In this paper, we focus on the class activation mapping (CAM) method, which has been the cornerstone of the feature attribution research. It answers "which pixels are responsible for the prediction" for CNN models. Overview of CAM is...
BUT, there is a remaining weakness for CAM
+ Explaining the value of CAM in human language is difficult to understand.
"The pixel-wise pre-GAP, pre-softmax feature value at (h, w), measured in relative scale within the range of Values [0, A] where A is the maximum of the feature values in the entire image"
+ In a technical manner, CAM applies normalization on the score map only at test time but not at training time.
HERE is where we address these issues using probabilistic ML. A good way to normalize something is to use probabilities.
+ Probabilistic ML starts with definitions for random variables.
+ (X,Y) are usual variables for (image, label).
+ Now, a new latent, unobserved variable Z is introduced:
Z = pixel index responsible for the prediction of X as Y
+ We factorize: p(X,Y,Z) = p(Y|X,Z) p(Z|X) p(X)
+ Use probabilistic ML tools for learning with latent variables,
+ Marginal likelihood loss: L = - log ∫ p(Y|X,Z) p(Z|X) dZ
+ Expectation-Maximization: L = - ∫ p’(Y,Z|X) log p(Y,Z|X)

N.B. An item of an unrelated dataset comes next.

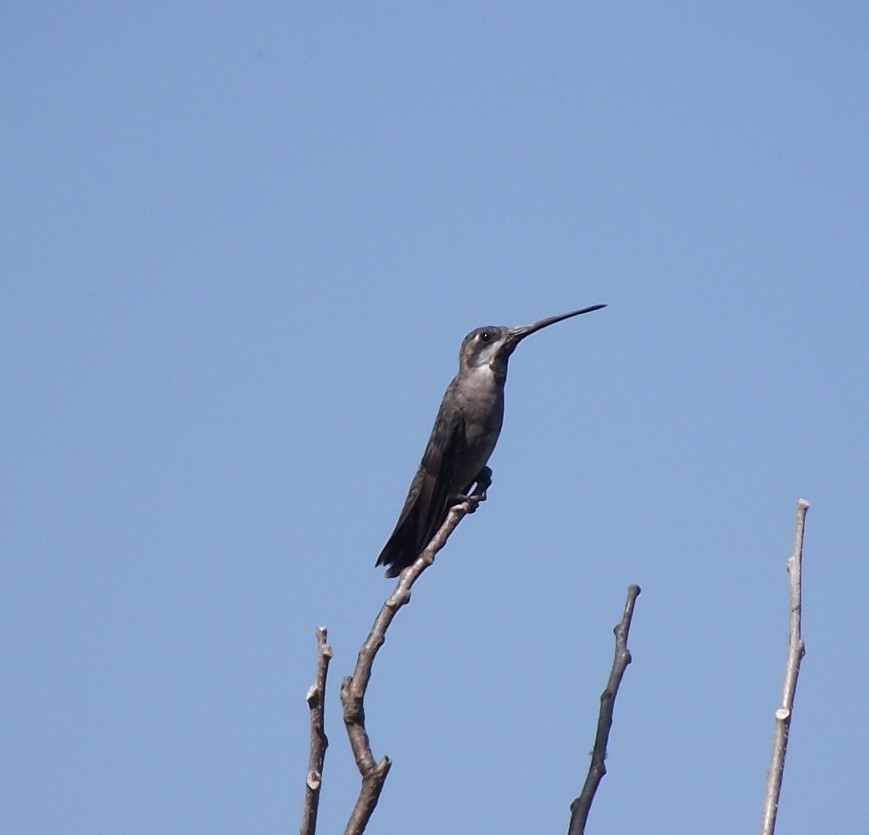 Plain-capped Starthroat - Benjamin Ewing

+ The resulting p(Y=y, Z|X=x) is the CALM attribution map.
CALM has several benefits.
+ Interpretaion-phase computational graph is part of training graph.

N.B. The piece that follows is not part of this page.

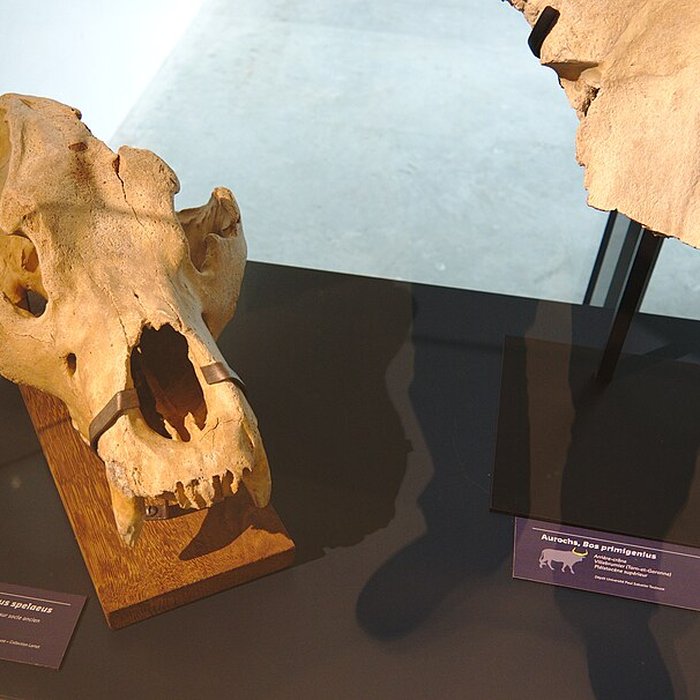 Photo de Musée Forum de lAurignacien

+ Intuitive description of the CALM attribution map values.
"The probability that the cue for recognition was at position z when the image x is predicted as y"
+ Diverse explanation is possible. (s(y) = p(Y=y, Z | X))
+ CALM is qualitatively better than CAM. Quantitative results are also better where results are in the paper.
One Caveat is....
+ reduced accuracy. For ResNet50 on ImageNet, the top-1 accuracies are 74.5% and 70.5% for CAM and CALM, respectively.
+ But this is the classic interpretability-accuracy trade-off.
+ In certain applications, you may sacrifice 4/100 predictions for plainly better explainability.
In conclusion, Keep CALM and improve your visual feature attribution!